6. Can you address the timing of the development of a Bush administration torture policy and your decision to step away so quickly from the Geneva Conventions to which we are signatories? Why, as early as the fall of 2001, before you even had prisoners who might have been available for torture, was the Administration so willing to consider torture as a practice? Had such a policy been privately discussed prior to Sept. 11 and already deemed necessary to the security of the United States, and if so, what was the rationale for considering such a policy? What was your basis for concluding that traditional methods consistent with international law were a failure?

7. Why have you not consulted Congress on the question of torture? What role, if any, do you think Congress should play in overseeing either the treatment of military prisoners or the military commissions you are planning to set up to try them?
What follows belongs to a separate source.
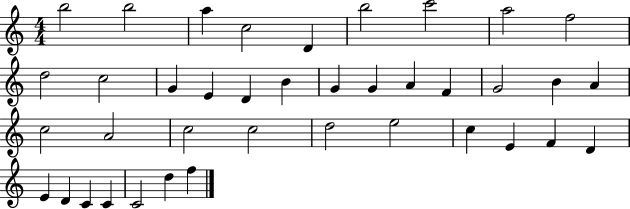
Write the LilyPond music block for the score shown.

In the August 2002 memo from the Office of Legal Counsel, Congress, it was claimed, did not have the power to prohibit torture if the president, acting as Commander in Chief, deemed it necessary – do you still agree with this, as Alberto Gonzales seems to, given his recent Senate testimony? Do you really think that, in times of war, the president has the power to do whatever he wants?
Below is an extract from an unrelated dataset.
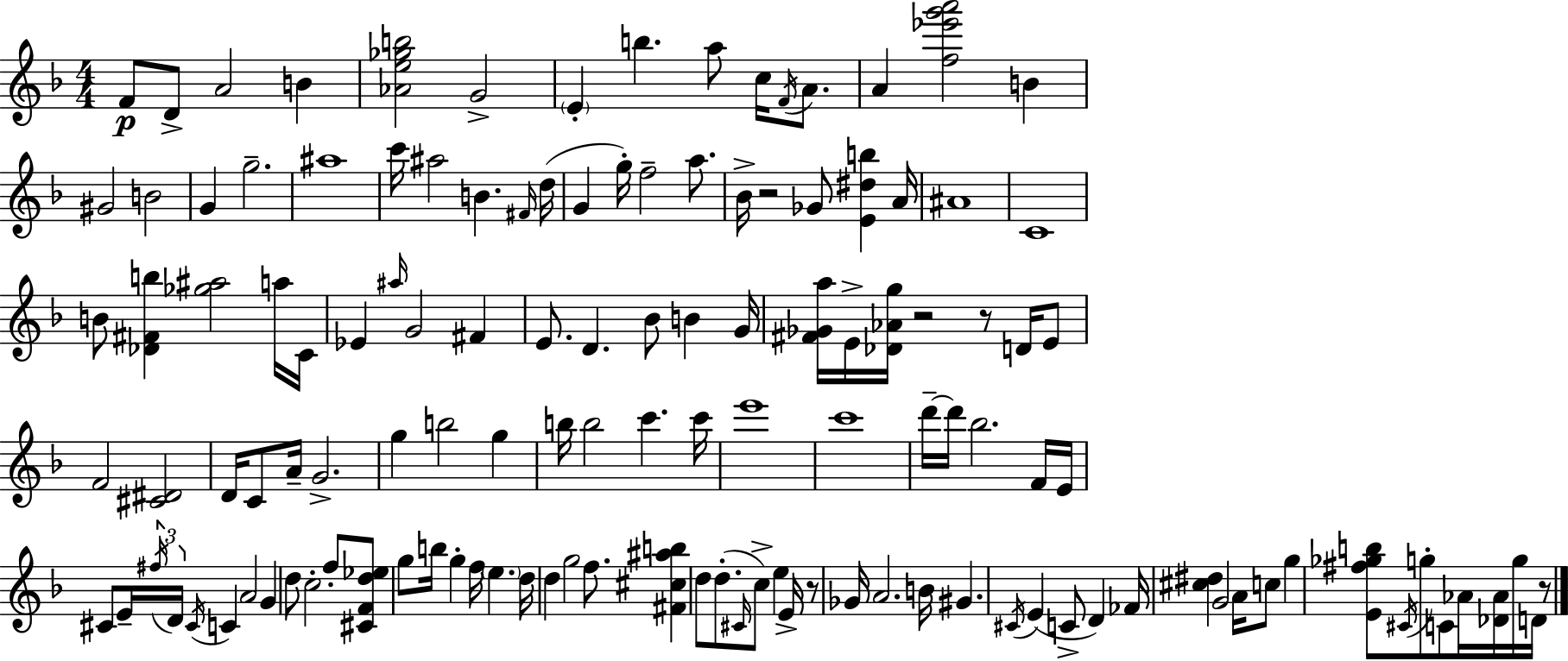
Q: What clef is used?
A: treble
8. Why did the complaints from detainees like David Hicks and the Tipton Three, NGOs, the International Red Cross, military whistleblowers and other governments regarding the mistreatment of detainees fall on deaf ears for so long? The recently released FBI memoranda, and the recently unsealed court filings by Guantanamo detainees establish the existence of torture, abuse, and mistreatment beyond any doubt. Why did Pentagon investigations (of which there have now been so many) not uncover this abuse, and why didn't the investigators pay any attention to the claims made by knowledgeable outside parties?

9. If Alberto Gonzales were not facing confirmation hearings, would the government's position on torture have been revised, as it was just before he testified? Who or what precipitated the administration to suddenly change its definition of torture? How long has such a change been in the works? Who was responsible for that change, and who was involved in crafting the new definition(s)?